About this exercise
What should come back is the data below, word for word, minus any picture.

Pictures with short captions
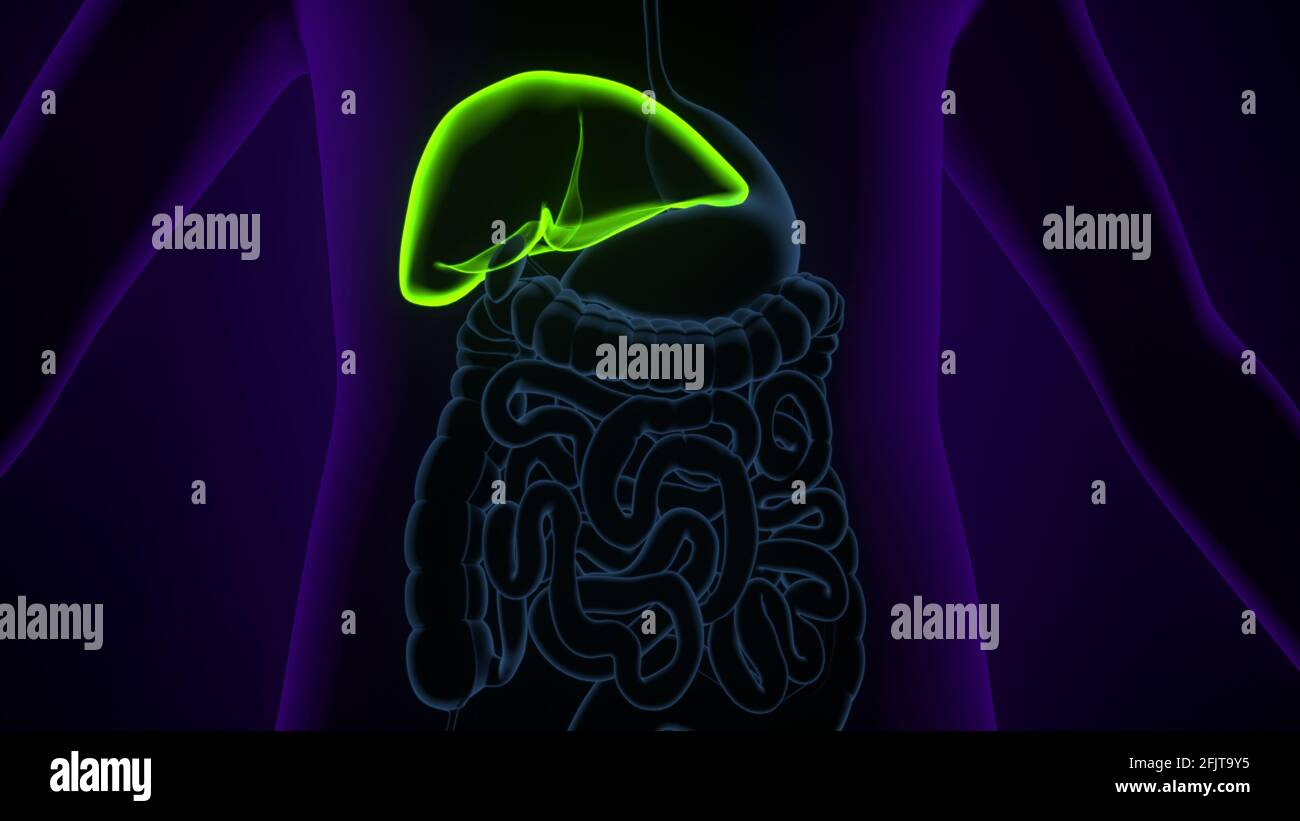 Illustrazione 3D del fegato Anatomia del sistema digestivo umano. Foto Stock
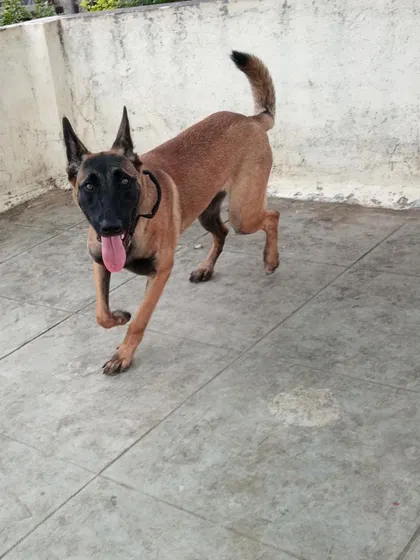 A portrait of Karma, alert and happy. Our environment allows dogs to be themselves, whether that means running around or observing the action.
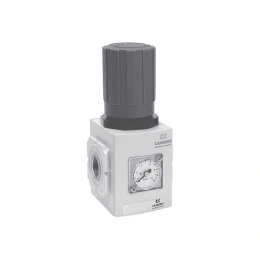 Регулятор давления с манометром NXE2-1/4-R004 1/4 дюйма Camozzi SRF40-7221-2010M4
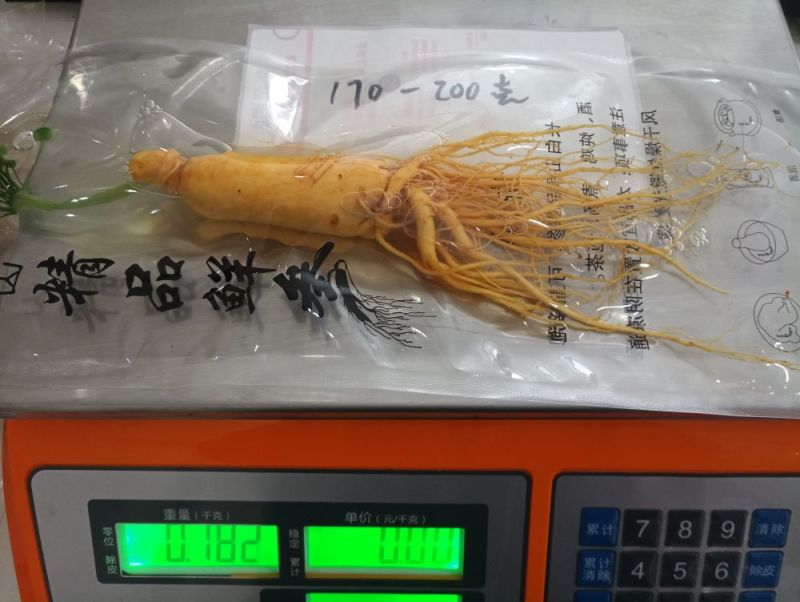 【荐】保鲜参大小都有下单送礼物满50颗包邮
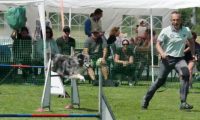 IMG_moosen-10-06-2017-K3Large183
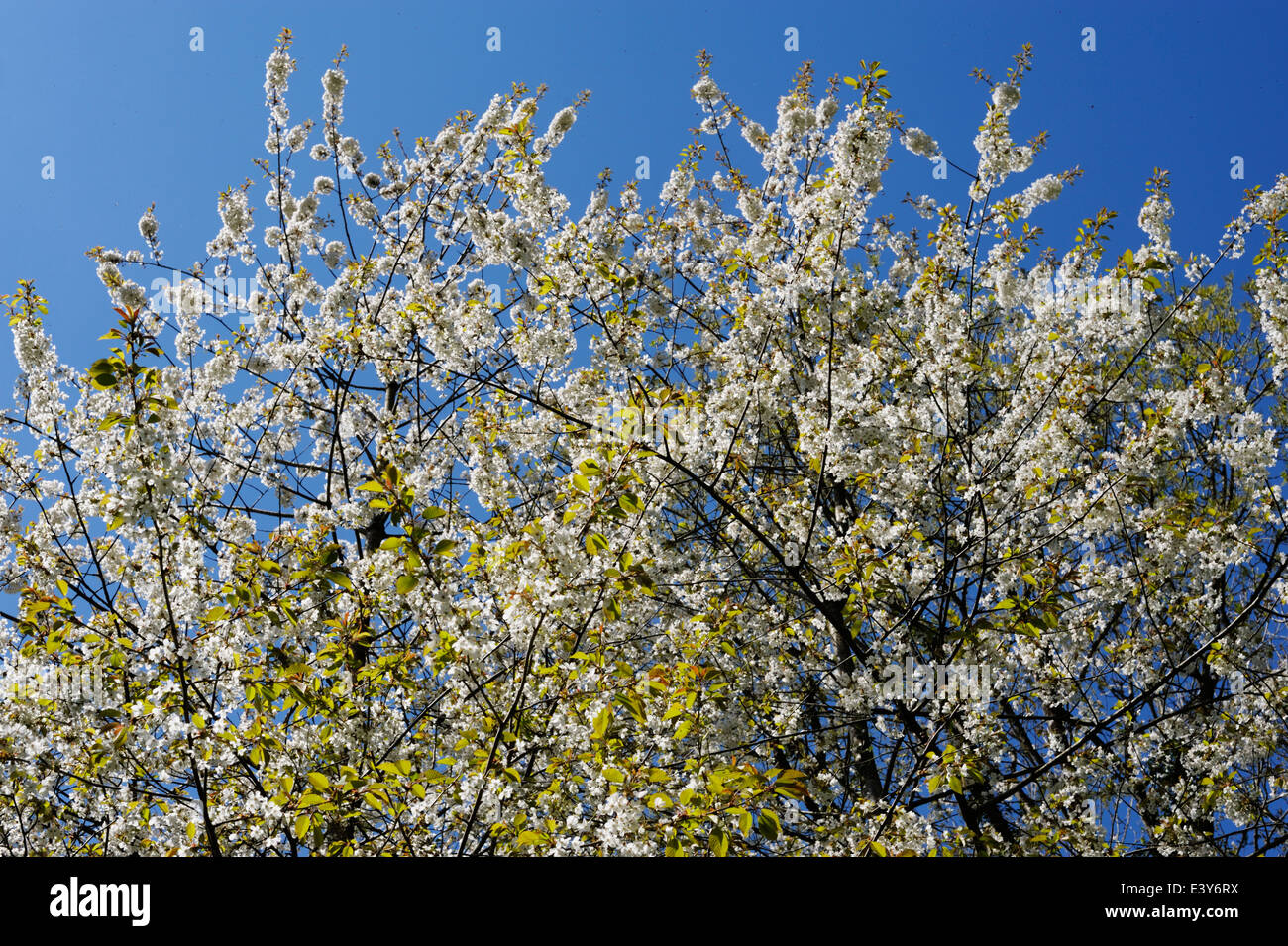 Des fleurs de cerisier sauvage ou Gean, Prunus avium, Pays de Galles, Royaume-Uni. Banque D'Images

Answer to this task
 Illustrazione 3D del fegato Anatomia del sistema digestivo umano. Foto Stock
 A portrait of Karma, alert and happy. Our environment allows dogs to be themselves, whether that means running around or observing the action.
 Регулятор давления с манометром NXE2-1/4-R004 1/4 дюйма Camozzi SRF40-7221-2010M4
 【荐】保鲜参大小都有下单送礼物满50颗包邮
 IMG_moosen-10-06-2017-K3Large183
 Des fleurs de cerisier sauvage ou Gean, Prunus avium, Pays de Galles, Royaume-Uni. Banque D'Images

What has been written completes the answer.